So this is incredibly, I think, moving and powerful. But then the question becomes, what is the rest of the world going to do to help this new government in Senegal succeed? Because they can’t magically create the jobs that they need. They’re dealing with the debt burden from the previous administration. And so, you know, I am a creature of my context, right? I’ve been working in U.S.-Africa policy most of my life, and it raises a set of questions about what external partners really need to be thinking about and focused on that I think are even more important now in the wake of the kind of collapse of the old development paradigm.

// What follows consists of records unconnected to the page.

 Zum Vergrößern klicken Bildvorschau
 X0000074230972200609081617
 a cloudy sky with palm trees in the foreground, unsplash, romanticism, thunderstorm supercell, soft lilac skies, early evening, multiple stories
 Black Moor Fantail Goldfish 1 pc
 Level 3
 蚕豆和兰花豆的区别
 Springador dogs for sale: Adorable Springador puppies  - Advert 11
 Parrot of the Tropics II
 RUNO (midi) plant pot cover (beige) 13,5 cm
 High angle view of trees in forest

O’NEIL: Well, let’s turn to that, right? We can come back a bit within Africa, but what can the United States do, or others in the region? Like what has been productive, what has not been productive, as you look at it?

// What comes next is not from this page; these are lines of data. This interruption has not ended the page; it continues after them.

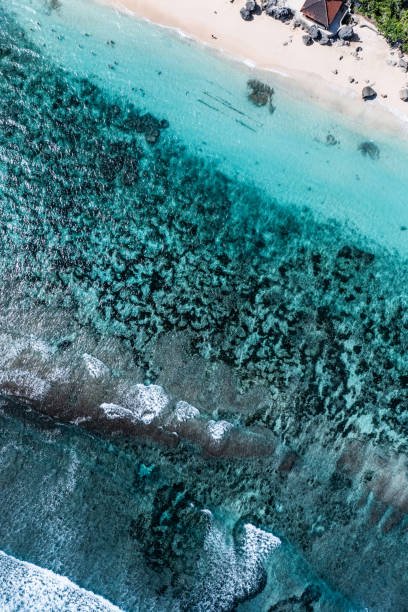 istock Bali shores from above - blue transparent ocean and white beach. 1386585089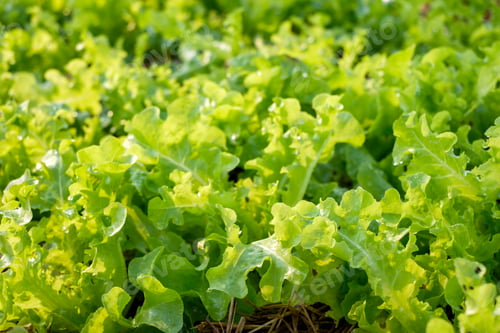 Preview: Farming organic green oak lettuce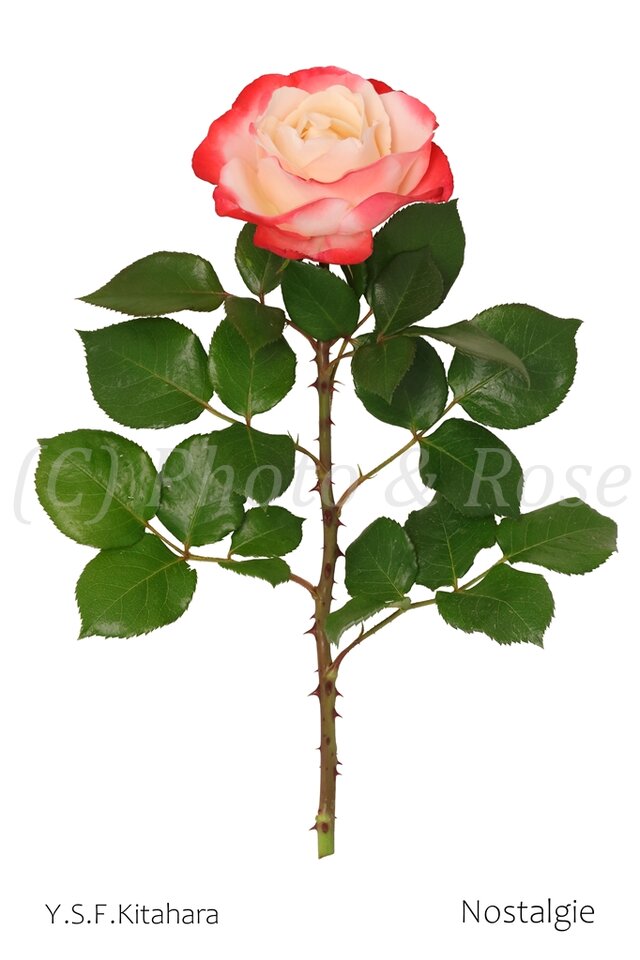 バラのポストカード　ノスタルジー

GAVIN: So I think often in government, we misunderstand—we mistake our own obsessions for the obsessions of Africans, right? So the great power rivalry obsession is not—it’s real in the sense that there are major powers competing for influence, both overtly and covertly, all over the continent. But the idea that that is what’s going to determine the sort of trajectory of these African states, I think, is absurd. What’s going to determine the trajectory is going to be these youthful urban populations that are trying to figure out how to create a dignified future for themselves and are keenly aware of what’s happening in the rest of the world. If you want some more funny social media tidbits you should have seen Cameroonians’ remarks on Joe Biden deciding not to run for re-election.
And so I think, you know, there’s the anachronistic ideas, the othering, and then there’s something that has frustrated me for a very long time, where, you know, as a U.S. ambassador, you would go out to talk to people and tell them how important their future was and how much the U.S. wanted to be a partner and wasn’t it great that we’re providing so much public health assistance?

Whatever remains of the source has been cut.